Kein Genie und keine Tugend verhehlt,

Auch keine Schwänke unterlassen;

Wen s' konnten bei der Nase fassen,

Den haben sie gar fest ergriffen

Und ihn mit Freuden ausgepfiffen,

Nicht immer bezahlt, was sie geborgt,

Und fleißig doch für Erben gesorgt.
[169]

Die Predigt schweigt, sie sind erwacht,

Die Kirchentür wird aufgemacht,

Und leuchtend bricht der grüne Schein

Der Bäume in die Dämmrung ein.

Die Alten stehen mühsam auf

Und setzen sich gemach in Lauf

Und schleichen seltsam kreuz und quer

Zwischen den Gräbern hin und her.

Sie setzen sich auf die Leichensteine

Und reiben ihre kranken Beine,

Sie hüsteln, spucken aus und lachen

Und sprechen bewußtlos kindische Sachen.

Sie schauen in die goldnen Auen,

Wo ihre Enkel und Sohnesfrauen

Im fernen Sonnenglanze gehen,

Die reifen Früchte rüstig mähen;

Sie sehen in all den hellen Schein

Mit blöden Augen stumm hinein.

Schon ist verklungen leis und weit

Das Lied von der Unsterblichkeit.

Und wie vor langen achtzig Jahren

Die Flämmlein im Entstehen waren

Und mählich aus der tiefen Nacht

Sich in ein helles Licht entfacht,

Das freilich auch sich ewig schien,

So glimmen sie jetzt wieder hin

Und denken Beßres nicht zu tun,

Als ewig, ewig auszuruhn.

Von Durst nach neuem Kommerzieren,

Wenn recht ihr schaut, ist nichts zu spüren.

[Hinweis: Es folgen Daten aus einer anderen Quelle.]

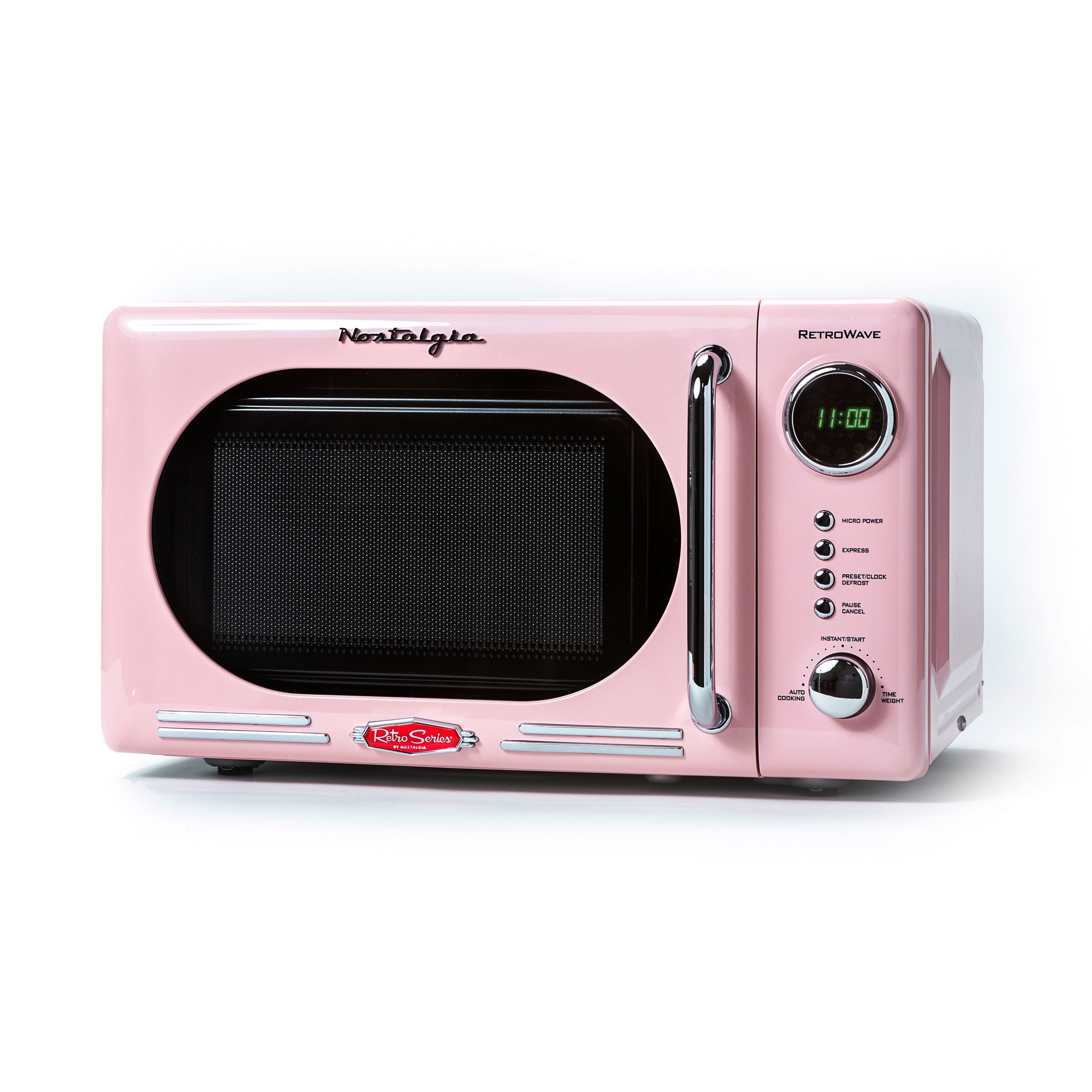Walmart savings: Nostalgia Retro Compact Countertop Microwave Oven - 0.7 Cu. Ft. - 700-Watts with LED Digital Display - Child Lock - Easy Clean Interior - Pink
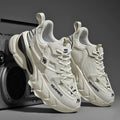 Breathable mesh casual sneaker for men with cross shoulder straps, low top, flat heel, available in black white beige sizes 39-44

Das Pfäfflein ist nach Haus gekommen,

Hat einen Schluck zu sich genommen[170]

Und wandelt jetzt im schmucken Garten,

Den kühlen Abend zu erwarten,

Wo er sich freut auf ein Gelage,

Zu dem er freundlich ist gebeten;

Doch steht die Sonn noch hoch am Tage.

Des ist er nun in großen Nöten;

Er weiß, die besten Bachforellen

Werden auf blumiger Schüssel schwellen,

Ausländische Wurst und köstlicher Schinken

Reizen ihn zu frohem Trinken;

Er kennt die staubigen Flaschen zu gut

In Herrn Confratris frommer Hut,

Die schön geschliffnen Gläser dringen

Schon in sein Ohr mit feinem Klingen;

Er kennt das Tischlein hinter der Türen,

Von wo die Flaschen hermarschieren,

Bis er eine mit silbernem Hals entdeckt,

Die vor dem Abschied doppelt schmeckt.


Und doch drei lange, lange Stunden! –

Hier hat er Ranken angebunden,

Ein nagendes Räupchen abgelesen,

Dort aufgehoben einen Besen

Und an das Gartenhaus gelehnt,

Dann einen Augenblick gewähnt,

Er wolle auf den Sonntagmorgen

Noch schnell für eine Predigt sorgen;

Doch ist er hievon abgegangen,

Hat einen Schmetterling gefangen,

Wirft einen Socken über den Hag,

Der mitten in einem Beete lag.

Die Sonne steht noch hoch am Tag.

Er wird der langen Weil zum Raube

Und sinkt in eine kühle Laube,[171]

Macht dort ein Ende seiner Pein,

Schläft zwischen Rosen und Nelken ein.


O Pfäfflein, liebes Pfäfflein, sag:

Ist dir zu lang der eine Tag,

Was willst du mit all den Siebensachen,

Den Millionen Sternen und Jahren machen?


Quelle:
Gottfried Keller: Sämtliche Werke in acht Bänden, Band 1, Berlin 1958–1961, S. 168-172.